- **DIRECTIONS**
Return, exactly and with nothing added, the line with "Traumhafter Original Heldense" together with all lines after it through the end of the data below. No pictures belong in the copy.

- **SOURCE MATERIAL**
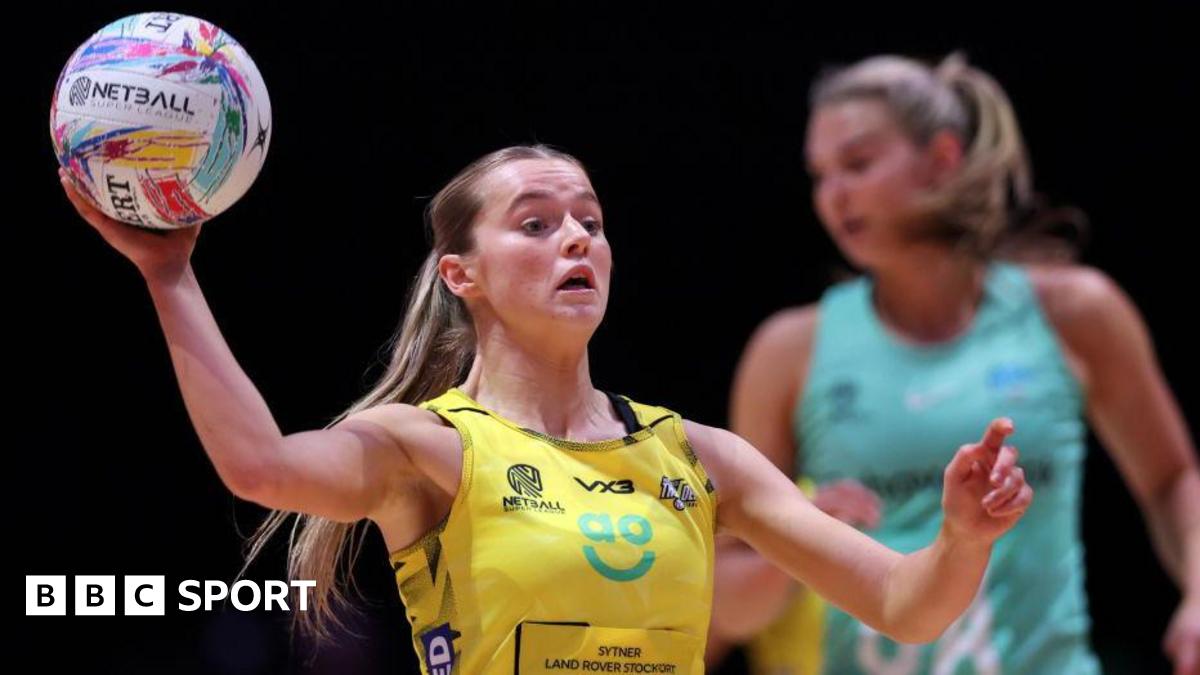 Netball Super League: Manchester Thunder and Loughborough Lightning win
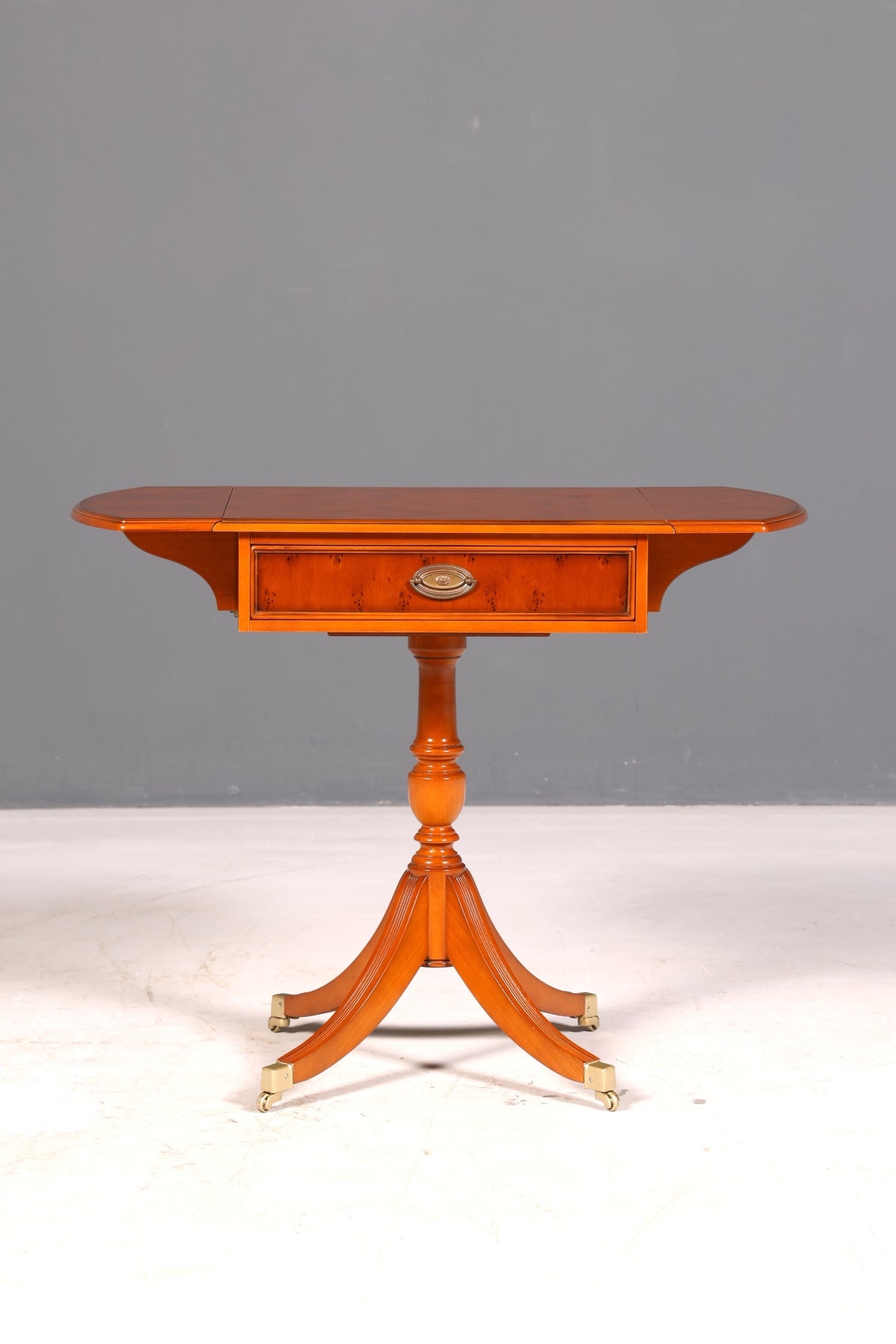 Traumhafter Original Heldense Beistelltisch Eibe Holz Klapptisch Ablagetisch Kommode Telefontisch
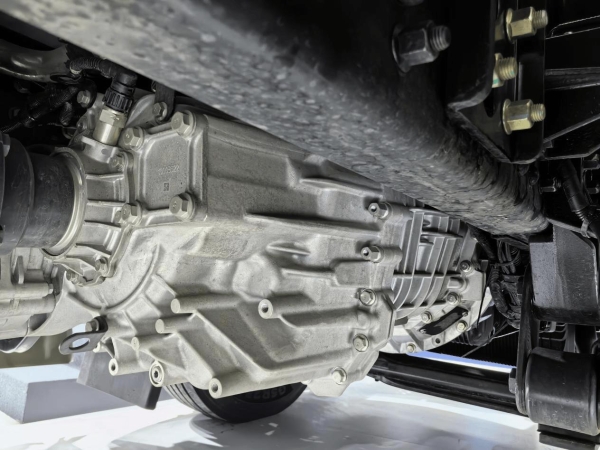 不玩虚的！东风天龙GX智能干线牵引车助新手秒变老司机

- **YOUR SOLUTION**
 Traumhafter Original Heldense Beistelltisch Eibe Holz Klapptisch Ablagetisch Kommode Telefontisch
 不玩虚的！东风天龙GX智能干线牵引车助新手秒变老司机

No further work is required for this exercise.